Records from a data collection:
—————
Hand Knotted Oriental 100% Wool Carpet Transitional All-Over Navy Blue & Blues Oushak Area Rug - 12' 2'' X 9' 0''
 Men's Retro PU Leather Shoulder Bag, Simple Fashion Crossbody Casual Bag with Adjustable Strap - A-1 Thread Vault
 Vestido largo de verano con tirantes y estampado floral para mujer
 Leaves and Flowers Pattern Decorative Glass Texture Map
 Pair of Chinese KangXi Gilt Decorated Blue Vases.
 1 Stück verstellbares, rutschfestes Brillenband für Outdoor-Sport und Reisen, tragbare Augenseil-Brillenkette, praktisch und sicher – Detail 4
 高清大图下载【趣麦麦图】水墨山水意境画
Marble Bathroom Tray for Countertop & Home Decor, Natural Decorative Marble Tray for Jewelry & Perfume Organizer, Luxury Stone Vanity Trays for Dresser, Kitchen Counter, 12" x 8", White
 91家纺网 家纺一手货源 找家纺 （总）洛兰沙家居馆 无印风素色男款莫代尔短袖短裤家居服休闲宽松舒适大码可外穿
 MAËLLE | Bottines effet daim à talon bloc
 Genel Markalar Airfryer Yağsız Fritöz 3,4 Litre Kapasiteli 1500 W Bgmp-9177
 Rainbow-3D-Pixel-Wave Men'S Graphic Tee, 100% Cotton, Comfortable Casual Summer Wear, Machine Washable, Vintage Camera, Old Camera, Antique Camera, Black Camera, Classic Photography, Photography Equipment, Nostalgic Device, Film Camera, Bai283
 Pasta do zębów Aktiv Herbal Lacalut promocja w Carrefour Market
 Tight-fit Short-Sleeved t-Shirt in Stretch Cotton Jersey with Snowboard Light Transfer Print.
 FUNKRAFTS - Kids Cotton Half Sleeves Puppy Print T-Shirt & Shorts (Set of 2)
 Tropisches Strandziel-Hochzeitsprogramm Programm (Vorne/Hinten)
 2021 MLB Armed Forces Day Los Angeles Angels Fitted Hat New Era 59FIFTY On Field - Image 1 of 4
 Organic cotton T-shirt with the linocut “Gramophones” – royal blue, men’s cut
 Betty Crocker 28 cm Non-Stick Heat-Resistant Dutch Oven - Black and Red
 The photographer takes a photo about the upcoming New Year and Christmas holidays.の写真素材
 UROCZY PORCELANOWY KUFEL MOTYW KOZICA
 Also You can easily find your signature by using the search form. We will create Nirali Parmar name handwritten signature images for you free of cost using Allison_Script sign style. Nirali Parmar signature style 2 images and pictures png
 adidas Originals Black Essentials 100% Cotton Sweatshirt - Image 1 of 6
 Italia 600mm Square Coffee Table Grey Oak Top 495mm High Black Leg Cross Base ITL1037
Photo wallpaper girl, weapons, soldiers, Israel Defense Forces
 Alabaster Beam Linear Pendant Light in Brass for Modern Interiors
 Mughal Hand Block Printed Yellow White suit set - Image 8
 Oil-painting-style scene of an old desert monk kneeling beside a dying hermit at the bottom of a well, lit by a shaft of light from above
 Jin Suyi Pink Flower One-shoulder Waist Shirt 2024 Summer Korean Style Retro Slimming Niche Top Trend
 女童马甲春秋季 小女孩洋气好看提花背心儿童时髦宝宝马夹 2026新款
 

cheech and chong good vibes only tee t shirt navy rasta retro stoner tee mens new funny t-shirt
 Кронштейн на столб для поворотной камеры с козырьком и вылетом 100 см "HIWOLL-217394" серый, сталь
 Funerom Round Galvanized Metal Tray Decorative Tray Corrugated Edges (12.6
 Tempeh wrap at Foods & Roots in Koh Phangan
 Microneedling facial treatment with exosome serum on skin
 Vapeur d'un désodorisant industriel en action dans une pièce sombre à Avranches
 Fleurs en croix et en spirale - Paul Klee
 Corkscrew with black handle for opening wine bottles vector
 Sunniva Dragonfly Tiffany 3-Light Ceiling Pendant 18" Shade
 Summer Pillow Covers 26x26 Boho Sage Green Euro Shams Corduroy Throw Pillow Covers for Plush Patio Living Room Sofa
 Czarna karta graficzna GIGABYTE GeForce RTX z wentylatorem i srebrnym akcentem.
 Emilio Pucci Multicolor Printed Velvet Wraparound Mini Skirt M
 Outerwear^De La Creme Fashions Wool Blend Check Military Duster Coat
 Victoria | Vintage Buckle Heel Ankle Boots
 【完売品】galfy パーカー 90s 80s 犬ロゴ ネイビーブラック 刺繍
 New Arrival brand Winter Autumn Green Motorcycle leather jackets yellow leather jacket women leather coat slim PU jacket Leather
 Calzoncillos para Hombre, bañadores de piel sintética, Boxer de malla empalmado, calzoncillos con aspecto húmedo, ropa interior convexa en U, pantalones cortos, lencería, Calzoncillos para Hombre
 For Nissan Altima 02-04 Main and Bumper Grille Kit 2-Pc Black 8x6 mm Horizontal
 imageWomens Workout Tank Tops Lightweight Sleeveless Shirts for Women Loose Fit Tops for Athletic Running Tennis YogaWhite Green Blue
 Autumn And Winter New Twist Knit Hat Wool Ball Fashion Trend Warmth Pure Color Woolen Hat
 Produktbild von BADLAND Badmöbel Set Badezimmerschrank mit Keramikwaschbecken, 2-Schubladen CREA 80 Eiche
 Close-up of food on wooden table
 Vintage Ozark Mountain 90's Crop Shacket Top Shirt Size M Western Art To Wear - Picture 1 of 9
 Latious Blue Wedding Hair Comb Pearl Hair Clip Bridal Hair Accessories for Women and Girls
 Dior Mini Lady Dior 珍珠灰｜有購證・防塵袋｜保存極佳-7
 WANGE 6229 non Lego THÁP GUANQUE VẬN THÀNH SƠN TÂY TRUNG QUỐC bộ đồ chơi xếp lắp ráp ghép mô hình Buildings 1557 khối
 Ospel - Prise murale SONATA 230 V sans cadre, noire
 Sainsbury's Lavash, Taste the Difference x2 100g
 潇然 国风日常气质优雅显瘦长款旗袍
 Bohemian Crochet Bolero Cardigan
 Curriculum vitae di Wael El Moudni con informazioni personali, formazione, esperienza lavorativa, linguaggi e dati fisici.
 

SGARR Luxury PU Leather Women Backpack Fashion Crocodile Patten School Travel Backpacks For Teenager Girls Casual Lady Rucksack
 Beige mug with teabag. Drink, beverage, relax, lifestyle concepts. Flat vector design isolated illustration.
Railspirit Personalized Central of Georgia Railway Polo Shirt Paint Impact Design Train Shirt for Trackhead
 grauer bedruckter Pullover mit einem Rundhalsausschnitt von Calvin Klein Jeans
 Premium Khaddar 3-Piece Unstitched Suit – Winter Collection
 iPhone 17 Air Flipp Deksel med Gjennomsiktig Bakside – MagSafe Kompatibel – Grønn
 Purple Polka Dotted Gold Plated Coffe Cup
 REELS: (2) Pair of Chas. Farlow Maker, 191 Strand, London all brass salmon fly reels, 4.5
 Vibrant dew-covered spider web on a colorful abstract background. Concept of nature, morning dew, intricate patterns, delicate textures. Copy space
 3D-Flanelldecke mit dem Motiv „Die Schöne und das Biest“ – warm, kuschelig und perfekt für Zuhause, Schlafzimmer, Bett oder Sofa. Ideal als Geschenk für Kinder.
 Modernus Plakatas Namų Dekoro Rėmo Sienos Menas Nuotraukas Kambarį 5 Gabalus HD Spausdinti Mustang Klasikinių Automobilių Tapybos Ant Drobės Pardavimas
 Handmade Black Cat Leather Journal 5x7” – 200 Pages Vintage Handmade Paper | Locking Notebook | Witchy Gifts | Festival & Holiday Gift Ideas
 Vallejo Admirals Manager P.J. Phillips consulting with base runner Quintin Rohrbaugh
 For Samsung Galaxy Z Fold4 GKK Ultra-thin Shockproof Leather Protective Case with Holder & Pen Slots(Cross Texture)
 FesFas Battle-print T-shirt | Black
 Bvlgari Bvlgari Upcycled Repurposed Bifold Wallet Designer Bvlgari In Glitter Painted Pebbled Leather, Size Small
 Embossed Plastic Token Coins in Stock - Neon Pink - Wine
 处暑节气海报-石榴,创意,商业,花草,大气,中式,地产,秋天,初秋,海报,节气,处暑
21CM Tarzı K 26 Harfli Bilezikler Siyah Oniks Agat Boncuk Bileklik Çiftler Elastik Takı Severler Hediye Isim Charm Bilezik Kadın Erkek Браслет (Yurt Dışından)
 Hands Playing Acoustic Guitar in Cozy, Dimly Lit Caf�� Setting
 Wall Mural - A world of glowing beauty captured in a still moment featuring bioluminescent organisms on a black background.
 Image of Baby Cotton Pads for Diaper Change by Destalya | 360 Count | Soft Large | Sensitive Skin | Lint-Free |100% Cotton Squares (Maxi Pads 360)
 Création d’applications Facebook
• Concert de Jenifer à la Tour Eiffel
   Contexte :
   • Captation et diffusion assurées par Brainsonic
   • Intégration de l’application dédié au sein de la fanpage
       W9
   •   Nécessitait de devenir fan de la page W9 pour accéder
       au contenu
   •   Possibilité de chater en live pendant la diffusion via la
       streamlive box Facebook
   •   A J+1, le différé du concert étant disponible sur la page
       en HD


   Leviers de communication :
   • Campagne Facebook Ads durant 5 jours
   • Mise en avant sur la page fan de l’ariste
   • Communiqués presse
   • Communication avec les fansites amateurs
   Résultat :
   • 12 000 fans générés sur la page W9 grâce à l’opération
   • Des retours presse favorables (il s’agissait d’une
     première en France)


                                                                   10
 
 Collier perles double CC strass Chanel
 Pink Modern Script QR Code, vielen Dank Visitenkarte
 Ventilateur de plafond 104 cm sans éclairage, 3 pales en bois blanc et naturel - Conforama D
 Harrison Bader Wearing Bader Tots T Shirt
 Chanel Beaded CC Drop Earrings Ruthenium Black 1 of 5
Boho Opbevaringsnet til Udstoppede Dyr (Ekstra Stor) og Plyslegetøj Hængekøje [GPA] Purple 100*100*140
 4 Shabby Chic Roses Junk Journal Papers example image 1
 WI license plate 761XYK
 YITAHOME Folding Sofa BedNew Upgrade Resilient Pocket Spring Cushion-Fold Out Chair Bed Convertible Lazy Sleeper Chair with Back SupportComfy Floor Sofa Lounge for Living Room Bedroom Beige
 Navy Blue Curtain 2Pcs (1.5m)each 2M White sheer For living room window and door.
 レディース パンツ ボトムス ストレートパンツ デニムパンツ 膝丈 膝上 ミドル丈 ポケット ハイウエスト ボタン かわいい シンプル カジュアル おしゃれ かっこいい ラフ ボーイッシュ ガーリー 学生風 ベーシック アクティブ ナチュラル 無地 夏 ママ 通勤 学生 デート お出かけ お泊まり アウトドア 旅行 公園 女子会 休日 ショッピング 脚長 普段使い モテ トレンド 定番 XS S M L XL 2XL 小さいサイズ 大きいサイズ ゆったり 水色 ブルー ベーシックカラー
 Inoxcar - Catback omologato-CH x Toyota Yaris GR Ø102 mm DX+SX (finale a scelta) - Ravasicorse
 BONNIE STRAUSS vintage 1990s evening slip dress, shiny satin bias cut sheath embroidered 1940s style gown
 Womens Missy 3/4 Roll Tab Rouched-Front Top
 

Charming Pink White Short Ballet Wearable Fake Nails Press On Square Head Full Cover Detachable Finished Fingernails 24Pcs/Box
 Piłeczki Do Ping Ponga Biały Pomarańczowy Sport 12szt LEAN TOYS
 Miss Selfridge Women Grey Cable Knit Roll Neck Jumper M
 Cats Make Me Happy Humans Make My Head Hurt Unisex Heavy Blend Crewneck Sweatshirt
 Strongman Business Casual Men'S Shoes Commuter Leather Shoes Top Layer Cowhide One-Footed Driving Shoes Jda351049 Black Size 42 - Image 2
—————
- [What you are asked to do] Look through the records and copy down every line that holds "Pink".

- [Output for this task]
 Jin Suyi Pink Flower One-shoulder Waist Shirt 2024 Summer Korean Style Retro Slimming Niche Top Trend
 Embossed Plastic Token Coins in Stock - Neon Pink - Wine
 Pink Modern Script QR Code, vielen Dank Visitenkarte
Charming Pink White Short Ballet Wearable Fake Nails Press On Square Head Full Cover Detachable Finished Fingernails 24Pcs/Box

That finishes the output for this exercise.